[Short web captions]
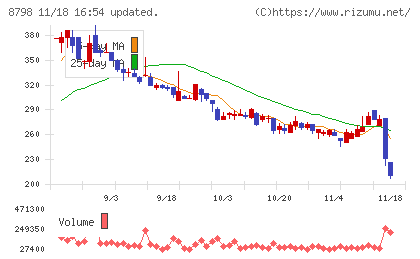 アドバンスクリエイトチャート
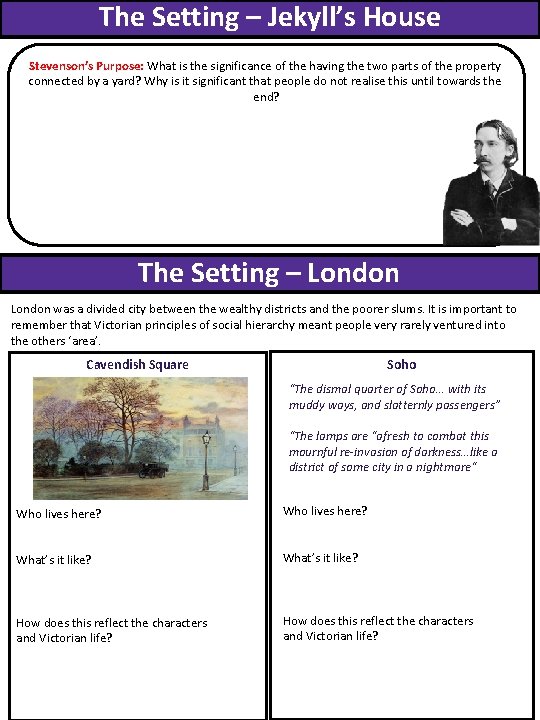 The Setting – Jekyll’s House Stevenson’s Purpose: What is the significance of the having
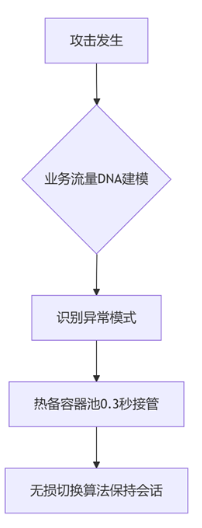 20260306128854.png image.png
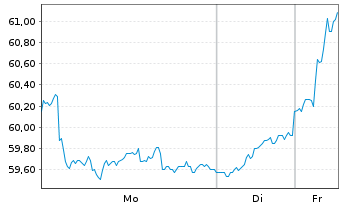 Chart AGEAS SA/NV - 1 Woche
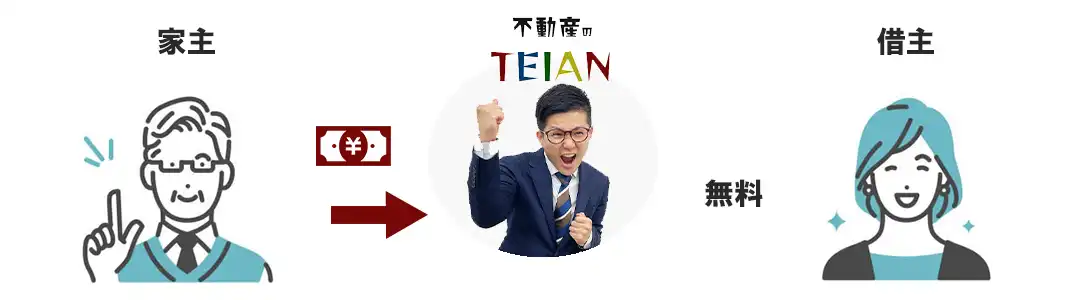 TEIANは借主からの手数料は取らない
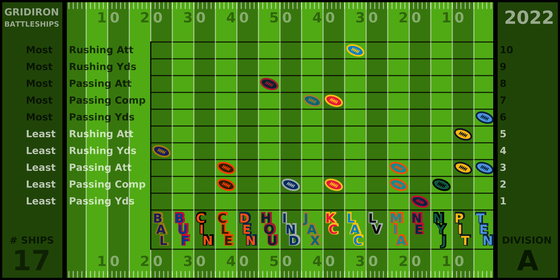 Murky Pack Field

- _Task directions_
An exact copy of every entry, without pictures, should be your output.

- _Your solution_
 アドバンスクリエイトチャート
 The Setting – Jekyll’s House Stevenson’s Purpose: What is the significance of the having
 20260306128854.png image.png
 Chart AGEAS SA/NV - 1 Woche
 TEIANは借主からの手数料は取らない
 Murky Pack Field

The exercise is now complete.